Task goal | Your answer should hold the data exactly as given, minus any picture.

Source data |
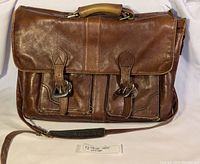 Full front view of the brown leather Hidesign briefcase showing two buckle-closure front pockets and shoulder strap.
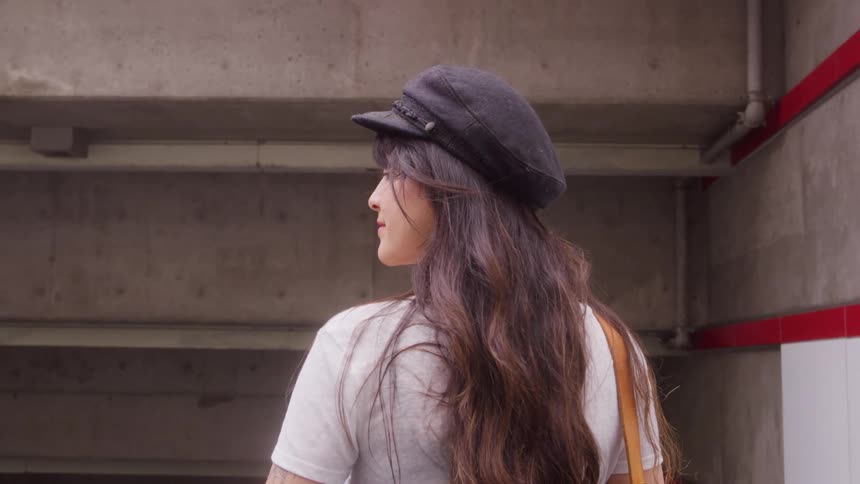 A woman with long brown hair and a black cap is seen from the back and side standing and looking upward within a structure made of gray concrete and white pipes with a red line running horizontally on the wall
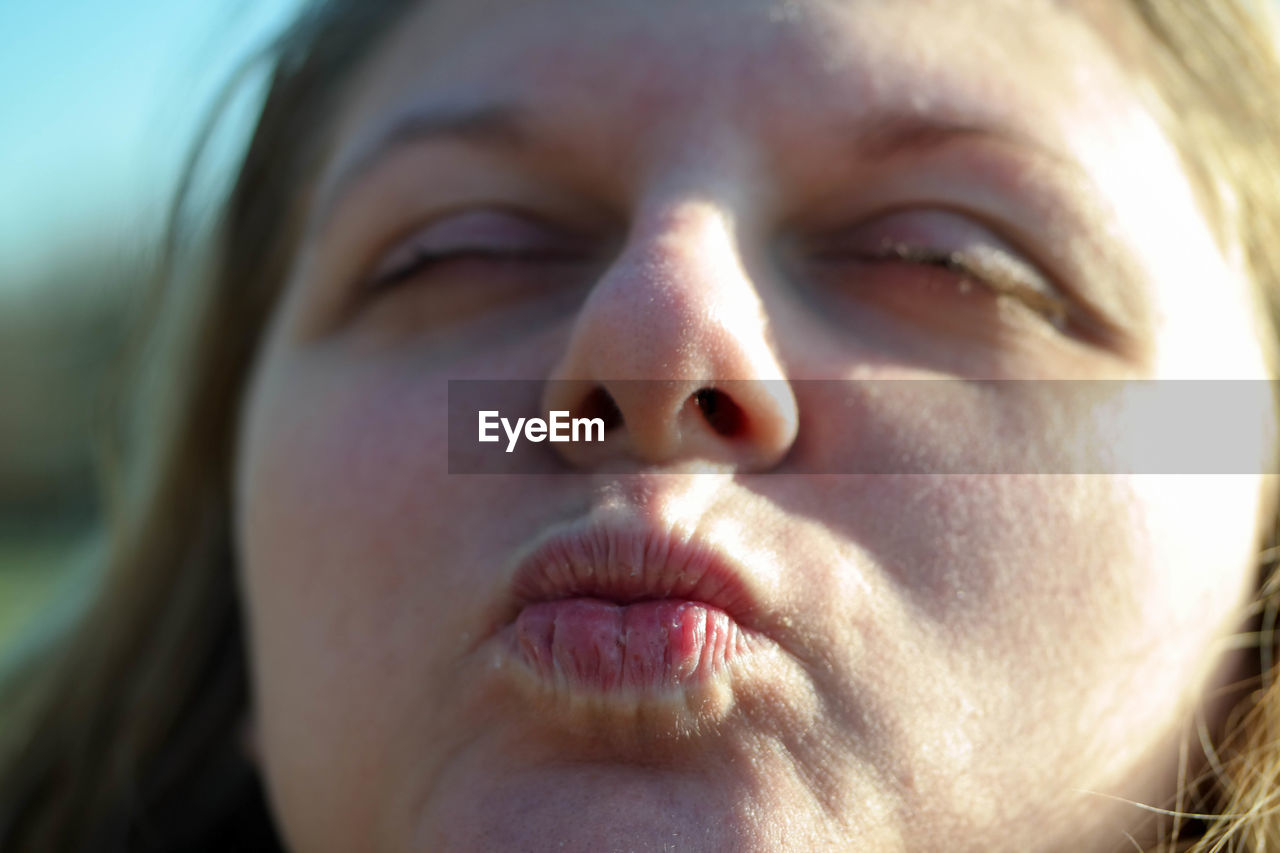 Close-up of woman puckering lips outdoors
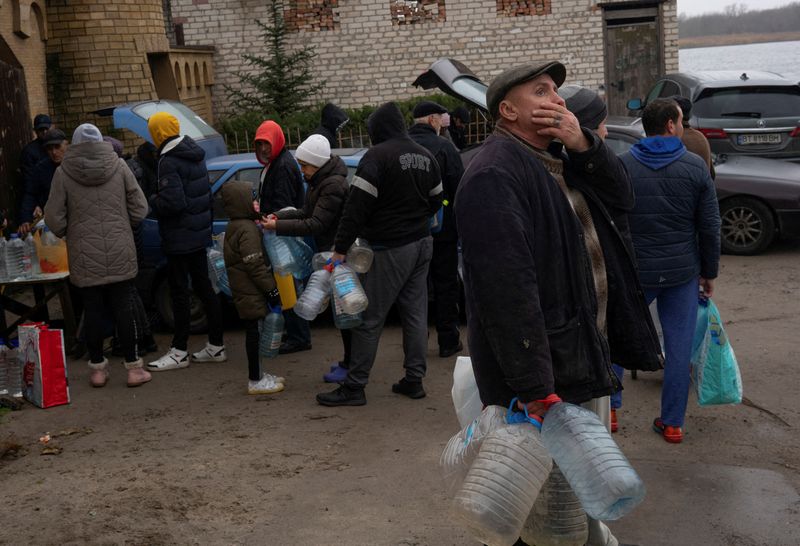 &copy; Reuters. Des personnes remplissent des bouteilles d'eau près du fleuve Dniepr après la retraite militaire russe de Kherson. /Photo prise le 22 novembre 2022/REUTERS/Anna Voitenko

Completed exercise |
 Full front view of the brown leather Hidesign briefcase showing two buckle-closure front pockets and shoulder strap.
 A woman with long brown hair and a black cap is seen from the back and side standing and looking upward within a structure made of gray concrete and white pipes with a red line running horizontally on the wall
 Close-up of woman puckering lips outdoors
 &copy; Reuters. Des personnes remplissent des bouteilles d'eau près du fleuve Dniepr après la retraite militaire russe de Kherson. /Photo prise le 22 novembre 2022/REUTERS/Anna Voitenko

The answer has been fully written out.